Just as we wrapped things up for Christmas, another piece of news release came in, “More than fifteen independent brands have joined together to participate in Baselworld 2020. Grouped under a new banner «The Watch Lounge»”. This is a new separate space created to complement the aforementioned in the same hall, with another concept to present small, independent, and so-called micro brands.

Baselworld is raising the game to bank on the independents, expanding the hall to give prominence to the segment. They have crunched the numbers and know the collective worth of these boutique brands and artisan watchmakers. If they could lure back a lot of the defectors who have been exhibiting at the adjacent hotels, the hall could become quite a destination to attract collectors and consumers alike.
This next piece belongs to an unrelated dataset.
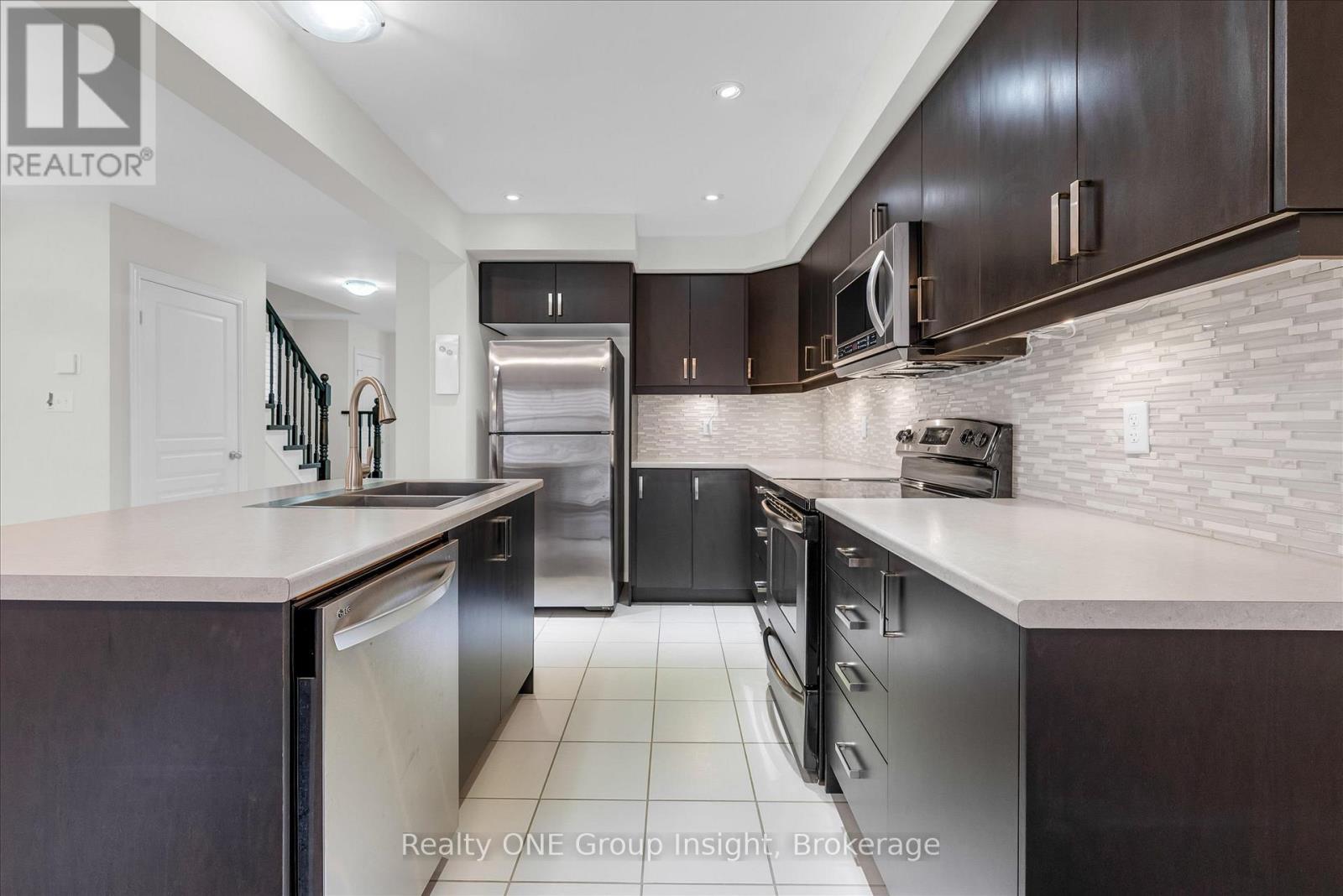 183 Penny Lane, Hamilton (Stoney Creek Mountain), Ontario  L8J 0E2 - Photo 8 - X12886854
Not to mention recouping the revenues drained out to other venues.

Smart move.

There seems to be a sign of a pulse and of getting back in touch with the market

Baselworld is in a fierce bid to resuscitate the 102-year-old show. There seems to be a sign of a pulse and of getting back in touch with the market. Granted, there is one huge difference between this year and last year. A new boss has been installed with a new management direction.

Mr Michel Loris-Melikoff took over as Managing Director of the show last year, just weeks after Swatch Group made a dramatic last-minute exit. A former lawyer and private banker with 20 years’ experience in large-scale events such as FIFA and UEFA, Loris-Melikoff has come in with fresh eyes and is determined to radically revamp the show to catch up with modern times.

Baselworld expects exhibitor numbers to rise above 600 in 2020

“We are continuing our work to transform the show. Baselworld aims to be a community and unifying entity.”  Loris-Melikoff recognises the many independent brands who contribute to the richness and diversity of the watch industry. His team and an entire community have come together to redeploy focus and resources to strengthen the segment’s representation at the fair.

It is only good news for the market to see what I see in the independents. Educating the buyers and influencing the players is a long road. Baselworld expects exhibitor numbers to rise above 600 in 2020. There have been suggestions of new formats or models. Reviving the show needs drastic changes. Playing the Independents card is not enough. But I think there is hope.